The money will benefit the Mizzou International Composers Festival, a festival in July that features public concerts, presentations and workshops; guest composers’ and performance groups’ events on campus, such as vocal group Roomful of Teeth and bass clarinet and marimba duo Transient Canvas; the Sinquefield Composition Prize, and a competition for MU music students in which the winner has his or her music performed and recorded, according to the foundation’s website.
Jacob Gotlib, managing director for the New Music Initiative, said that the gift will also continue to fund all the K-12 and MU music student programs.
The gift will also support costs for faculty and staff, graduate student assistantships and two full-tuition scholarships per year for undergraduate composition majors.
“[The money] is going to continue funding all of our programs for another three-year cycle,” Gotlib said. “We’ve been thankful that Dr. Sinquefield and the Sinquefield Charitable Foundation have been funding the New Music Initiative in series of three-year cycles over the last 10 years.”
The New Music Initiative has programs for K-12 students as well as programs for MU music students. These programs include the Creating Original Music Project, in which students submit original compositions to the competition. The winner has their music played by MU music students and their school receives prize money. Other programs include the Missouri Composers Project and summer camps for high school students.

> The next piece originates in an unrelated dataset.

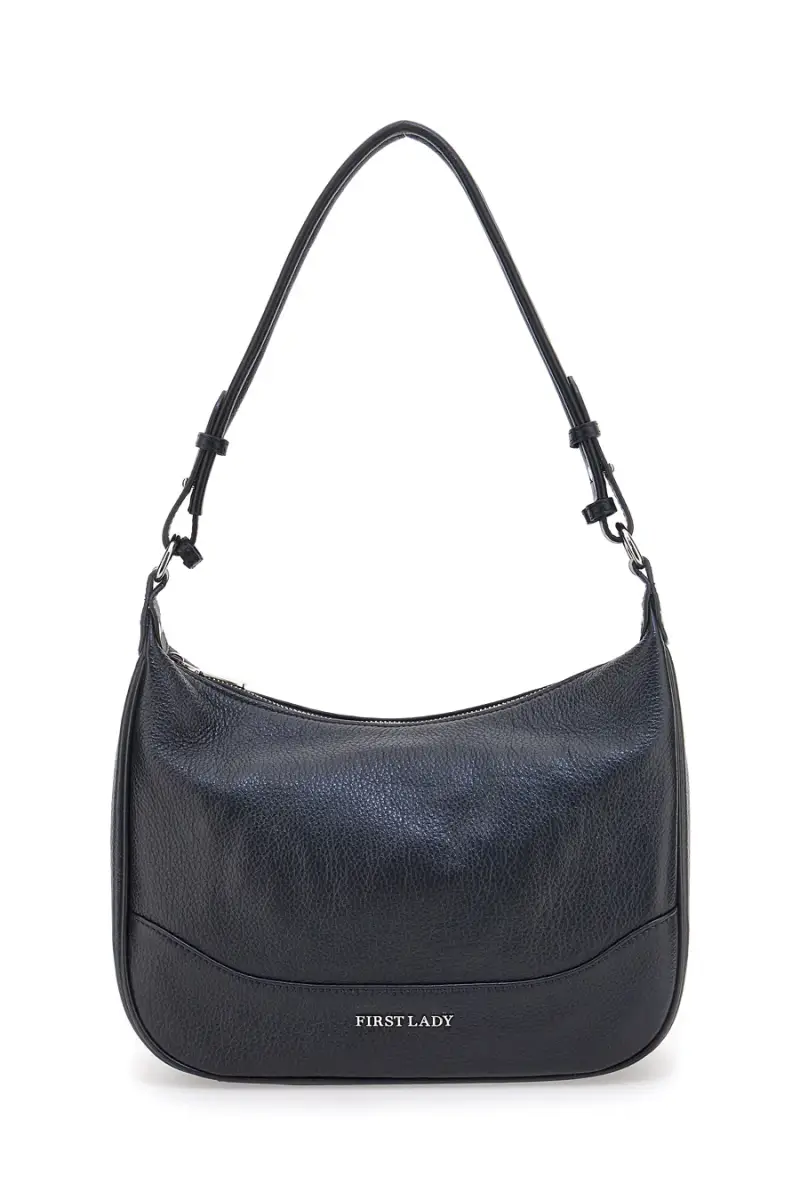 Borsa nera in vera pelle con tracolla inclusa First Lady SL 68822 [NERO]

“Our goal is to cultivate and promote the education of composers in the state,” Gotlib said. “That includes K-12 students, it includes our students at the university and it even includes composers who have just earned or are on the verge of earning their Ph.D. We cover the full spectrum of education for composition.”

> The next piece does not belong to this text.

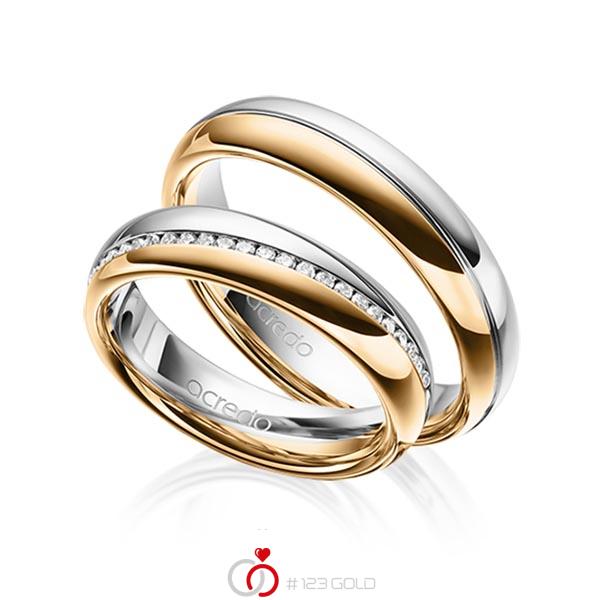 Paar bicolor Memoire-Trauringe/Eheringe in Graugold 585 Roségold 585 halbausgefasst mit zus. 0,2 ct. Brillant tw, si von acredo - A-1629-9 Paar bicolor Memoire-Trauringe/Eheringe in Graugold 585 Roségold 585 halbausgefasst mit zus. 0,2 ct. Brillant tw, si von acredo - A-1629-9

The Sinquefield Charitable Foundation designated $300,000 for undergraduate student scholarships and MU matched that amount to equal $600,000 for scholarships, according to the foundation’s website.
Freshman Jack Snelling has been involved with the New Music Initiative programs since he was in middle school.
“When I was in sixth grade, my science teacher’s son had just won the competition and she showed us a video of his piece being played,” Snelling said. “I wanted to do that, so a couple of years later, I submitted to the [COMP] competition.”
Snelling earned an honorable mention in fine art music his freshman year in high school, a second place in jazz sophomore year, a first place in jazz junior year and a first place in fine art music during his senior year.
Snelling has continued composing since then and said he appreciates the guidance the New Music Initiative gave him.
“Once you join the program they give you the tools and everything else that you need and that makes you want to stay in the program,” Snelling said. “That’s one of the big reasons why I came to Mizzou, because it was all right here for me.”
Now he is a composition major at MU and said that the New Music Initiative allowed him to explore other possibilities of his music career.
“The most educational composition weeks that I have had in my life are those camps that I went to,” Snelling said. “I was mainly a jazz player before this. I wouldn’t have even been introduced to classical composition if I hadn’t gone to the camps. It is partially because of [the New Music Initiative] that I’m a classical composer today. I would not be anywhere near the musician I am if it weren’t for them.”